Au lendemain des évènements du 11 septembre 2001, lors de la 31e session de la Conférence générale de l’UNESCO, la Déclaration universelle de l’UNESCO sur la diversité culturelle (2)  a été adoptée à l’unanimité dans l’objectif de rejeter catégoriquement la thèse de conflits inéluctables de cultures et de civilisations. Elle réaffirme par la même occasion la conviction des Etats membres que le dialogue interculturel est le meilleur gage pour la paix et voit dans cet échange la source de créativité et de progrès : « Chaque création puise aux racines des traditions culturelles, mais s’épanouit au contact des autres. ».

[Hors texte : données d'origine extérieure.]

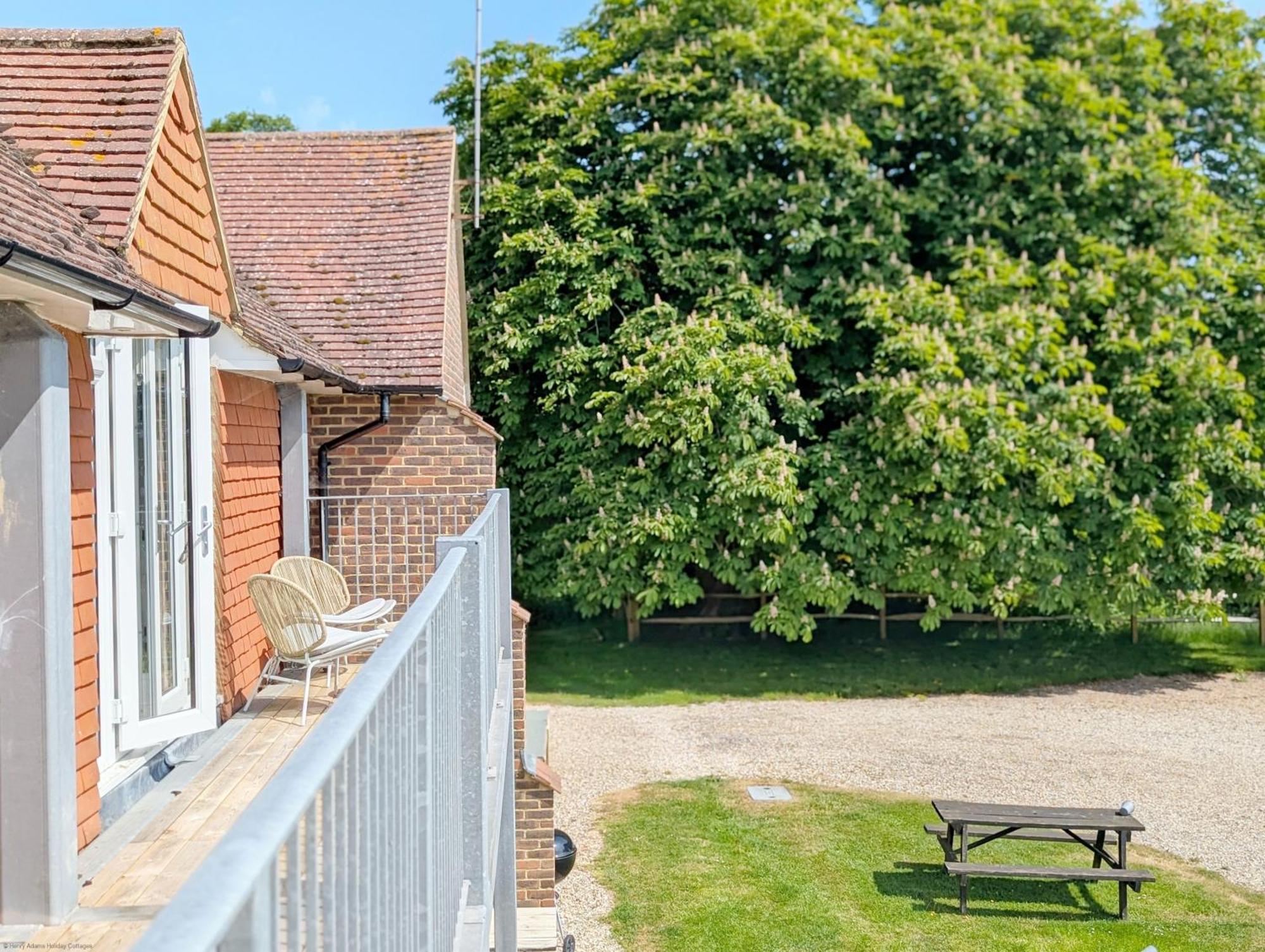 Priory Coach House - Church Norton เซลซี ภายนอก รูปภาพ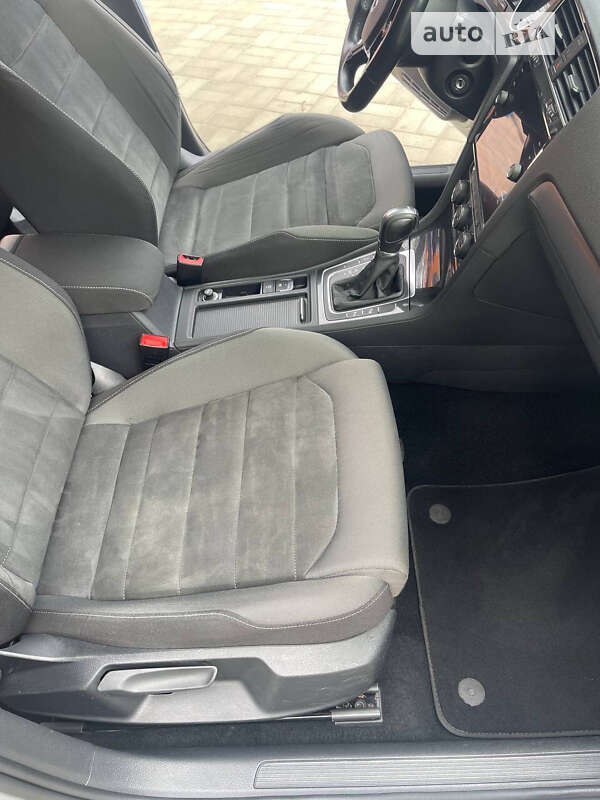 Універсал Volkswagen Golf 2017 в Запоріжжі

L’Histoire a montré que la rencontre des cultures différentes n’est pas uniquement conflictuelle mais peut être extrêmement fructueuse : de nombreux traités scientifiques et philosophiques sont parvenus en occident depuis la Grèce antique, l’Asie, la Mésopotamie, l’Inde, ainsi que des progrès techniques tels que la boussole, le sextant, les informations cartographiques, le papier, l’imprimerie, les chiffres arabes…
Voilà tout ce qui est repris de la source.